Saved entries
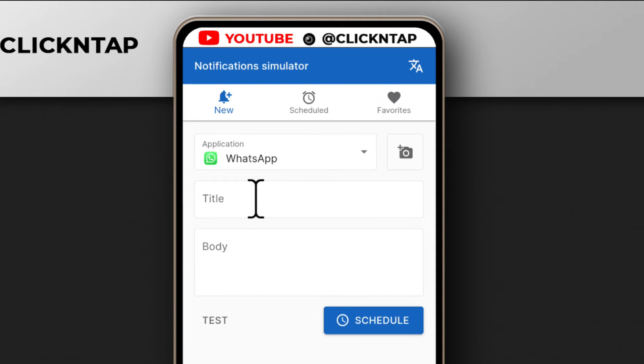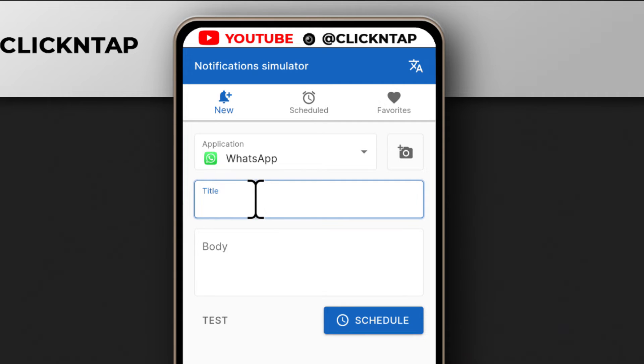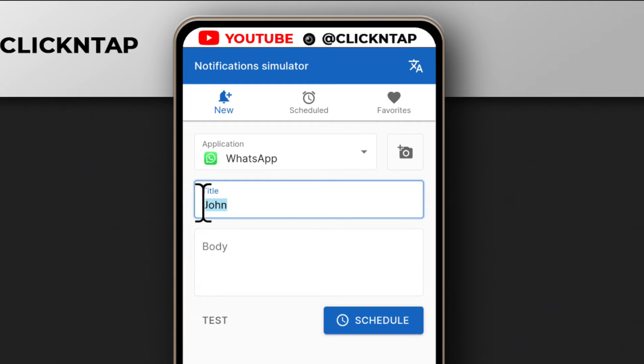For the title, this is where you're going to input the person's name that is messaging you. So I'll use — actually, I'll use Elon Musk.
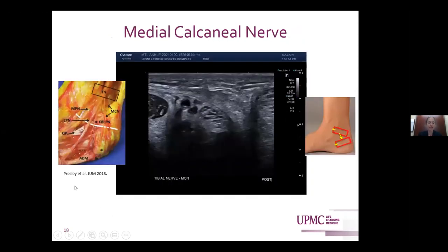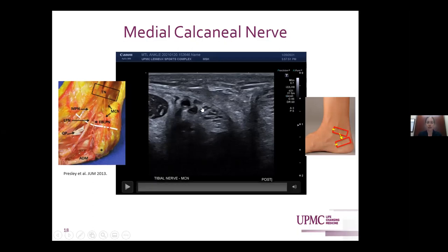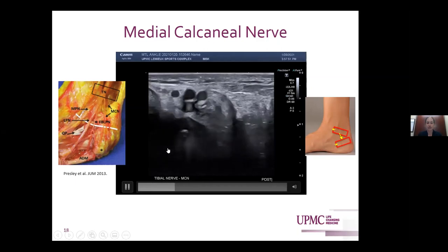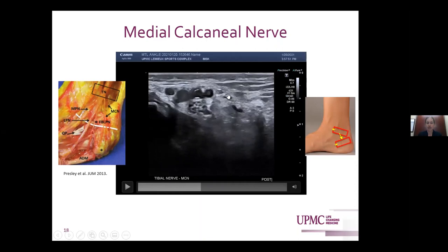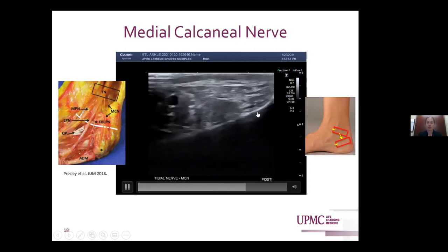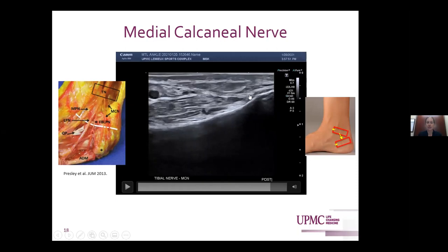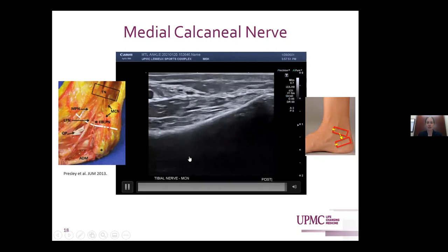For those of you who haven't read Dr. Presley and Dr. Smith's paper on the first branch of the lateral plantar nerve, it was really helpful for understanding this anatomy — it has cadaveric dissections and diagrams demonstrating the course of these nerves. The first branch off the tibial nerve is the medial calcaneal nerve, which is a sensory nerve typically branching proximal to the tarsal tunnel. Following the tibial nerve, you can watch a small fascicle branch off heading superficially over the calcaneus, giving sensory innervation to the skin over the posterior medial heel.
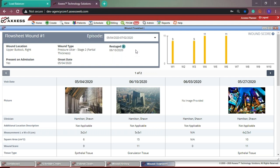The flow sheet will default to the current episode, but you can also review documentation from previous episodes, which is very helpful at the time of recertification.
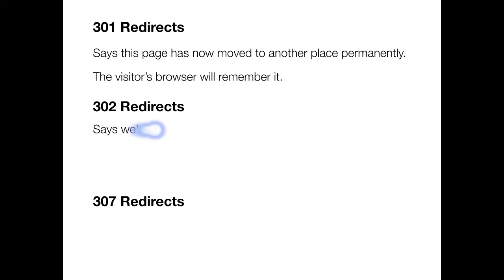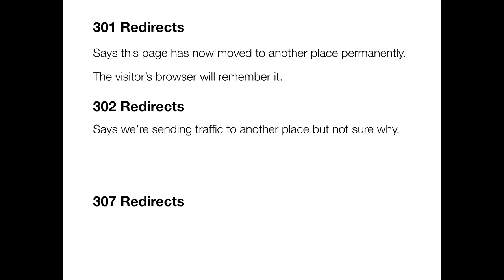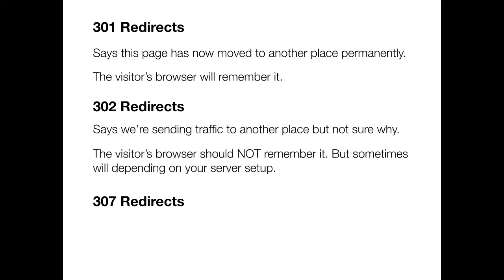A 302 redirect is a little bit different. It says we're sending traffic to another place but we're not actually really sure why. The visitor's browser should not remember it but sometimes it will depending on your server setup.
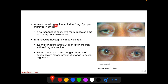Edrophonium chloride is injected intravenously: 2 mg is injected and symptoms improve in 60 seconds. If no response is seen in 60 seconds, two more doses of 4 mg each may be administered at intervals of 60 seconds or more. Neostigmine methyl sulfate is injected intramuscularly and takes about 30–45 minutes to act, with a longer duration allowing measurement of ocular deviation before and after injection. This picture shows a patient with bilateral ptosis and exotropia that improved following neostigmine injection.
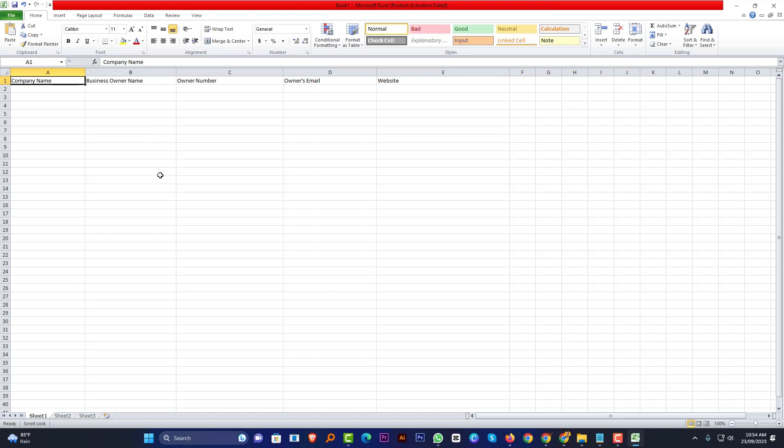When the client opens your sheet, he will see a nice design with all the information. At that time, he or she will feel this is very great and professional.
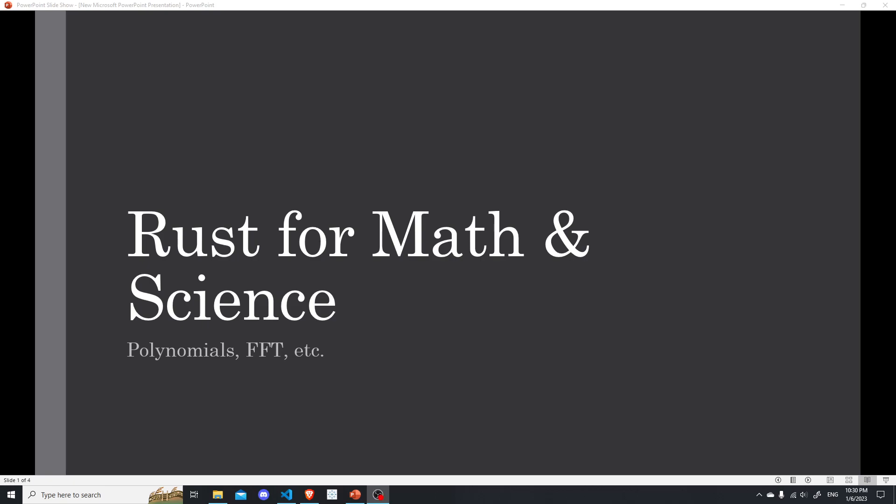Hello. So starting early December, I have been wanting to do a project entirely in Rust.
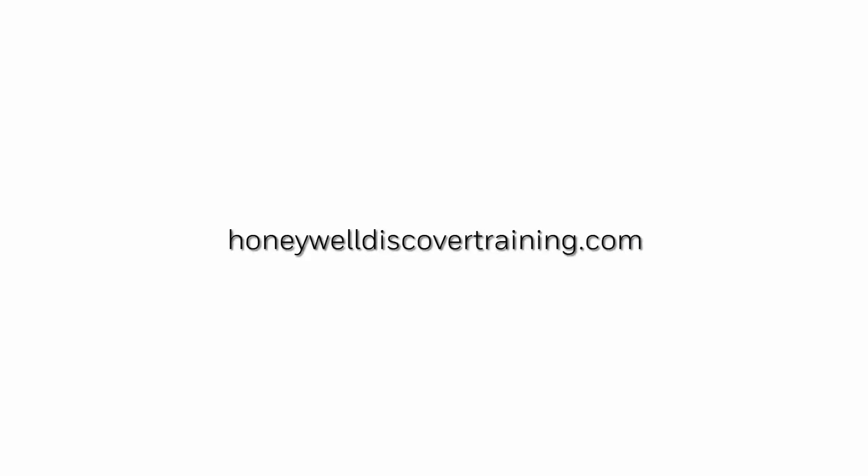For more information and videos, please visit our web page HoneywellDiscoverTraining.com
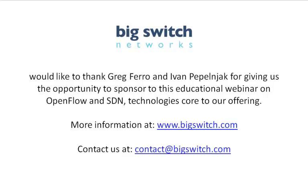The Software Defined Networking in OpenFlow webinar was made possible by the sponsorship of BigSwitch Networks. BigSwitch Networks are developing an SDN application for network virtualization and you can get their open source SDN controller called Floodlight at openflowhub.org. You can find BigSwitch at bigswitch.com.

What needs to be done
Could you reproduce every record above exactly, leaving out any pictures?

Answer for this exercise
For the title, this is where you're going to input the person's name that is messaging you. So I'll use — actually, I'll use Elon Musk.
For those of you who haven't read Dr. Presley and Dr. Smith's paper on the first branch of the lateral plantar nerve, it was really helpful for understanding this anatomy — it has cadaveric dissections and diagrams demonstrating the course of these nerves. The first branch off the tibial nerve is the medial calcaneal nerve, which is a sensory nerve typically branching proximal to the tarsal tunnel. Following the tibial nerve, you can watch a small fascicle branch off heading superficially over the calcaneus, giving sensory innervation to the skin over the posterior medial heel.
The flow sheet will default to the current episode, but you can also review documentation from previous episodes, which is very helpful at the time of recertification.
A 302 redirect is a little bit different. It says we're sending traffic to another place but we're not actually really sure why. The visitor's browser should not remember it but sometimes it will depending on your server setup.
Edrophonium chloride is injected intravenously: 2 mg is injected and symptoms improve in 60 seconds. If no response is seen in 60 seconds, two more doses of 4 mg each may be administered at intervals of 60 seconds or more. Neostigmine methyl sulfate is injected intramuscularly and takes about 30–45 minutes to act, with a longer duration allowing measurement of ocular deviation before and after injection. This picture shows a patient with bilateral ptosis and exotropia that improved following neostigmine injection.
When the client opens your sheet, he will see a nice design with all the information. At that time, he or she will feel this is very great and professional.
Hello. So starting early December, I have been wanting to do a project entirely in Rust.
For more information and videos, please visit our web page HoneywellDiscoverTraining.com
The Software Defined Networking in OpenFlow webinar was made possible by the sponsorship of BigSwitch Networks. BigSwitch Networks are developing an SDN application for network virtualization and you can get their open source SDN controller called Floodlight at openflowhub.org. You can find BigSwitch at bigswitch.com.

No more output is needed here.